Faced with the movie’s mush-mouthed writing, we’re left to puzzle out for ourselves what additional complexities Stallone feels that he’s offering, here. The differences in the director’s cut are relatively subtle, at least for such a noisy movie; a new version of the opening credits, for example, lingers on the team’s mournful faces, suggesting a more haunted version of the story. That may be the elusive “concept” Stallone mentions: killing makes these guys sad, when it’s not making them at worst, accepting, and at best, absolutely elated.
That dichotomy fits with Stallone’s recent work; in his older age, has become a weirdly sentimental gorehound — more interested in CG-assisted body explosions than the logistics of combat, yet cloaking the ultraviolence, as in the fourth Rambo movie, in a shroud of reluctant world-police righteousness. It’s this half-amusing but sometimes uncomfortable mix of splatter and seriousness that keeps The Expendables from the top tier of ridiculous action movies.
The mix continues throughout the director’s cut. The extra running time doesn’t include more explosions (it scarcely could) but rather more sensitivity: a shot of bit team member Hale Caesar (Terry Crews) looking lovingly at photos of his kids, and some additional woman-trouble talks between Barney Ross (Stallone) and a broken-hearted Lee Christmas (Jason Statham, asserting himself as a solid second in command, but nowhere near the action dynamo seen in the Transporter series), which aren’t much sharper than any of Stallone’s other dialogue exchanges, but have a cute old-guy weariness.
Most of these changes are applied to the first half of the movie. Once the team goes back to the fictional South American island of Vilena to rescue freedom-fighter Sandra (Gisele Itié), it’s mostly the same action as the original version, though the extended running time does serve to highlight just how little happens in the movie between the opening blowout and the closing super-blowout.
Despite that lack of incident for much of the running time, the movie keeps busy. The Expendables values excess; it just doesn’t show any judgment about how to employ it. Sometimes this means the movie will, as anyone watching The Expendables might reasonably hope, stage a glorious climax featuring explosions upon explosions, explosions within explosions, explosions as far as the eye can see. Other times, this means that Stallone, already having hired a murderer’s row of B-movie badasses, will not only add in mixed martial artist Randy Couture, a nonactor even by this cast’s standards, but actually give him a full (yet entirely pointless!) monologue about his cauliflower ear.

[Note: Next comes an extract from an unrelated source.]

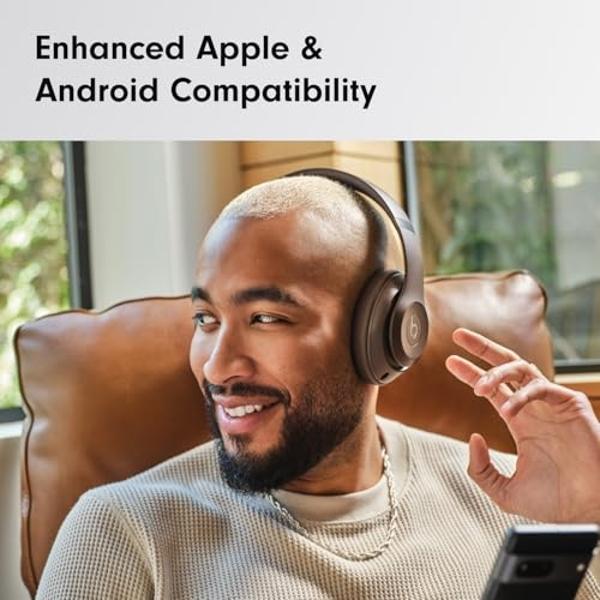 Auriculares Beats Studio Buds totalmente inalámbricos con cancelación de ruido - Negros (Renovados)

For better or worse, it all comes from the same brawny, dunderheaded instinct. The dunderheadedness is, to a degree, part of the movie’s charm. This is a late-’80s nostalgia act, not a chance to display the leaner prowess of a true eighties action classic like Stallone’s First Blood or Willis’s Die Hard. But the movie’s bloat – its refusal to go lean and mean – also overwhelms Stallone’s limited talents as a writer and a director; towards the end, he amps up the action to hard that he winds up frantically cutting between three hard-to-distinguish, close-up-laden fights at once. Any thoughts that perhaps the fights were cut fast for pacing reasons are dashed by the director’s cut, which preserves bone-crunching and stabbing over suspense or even coherence.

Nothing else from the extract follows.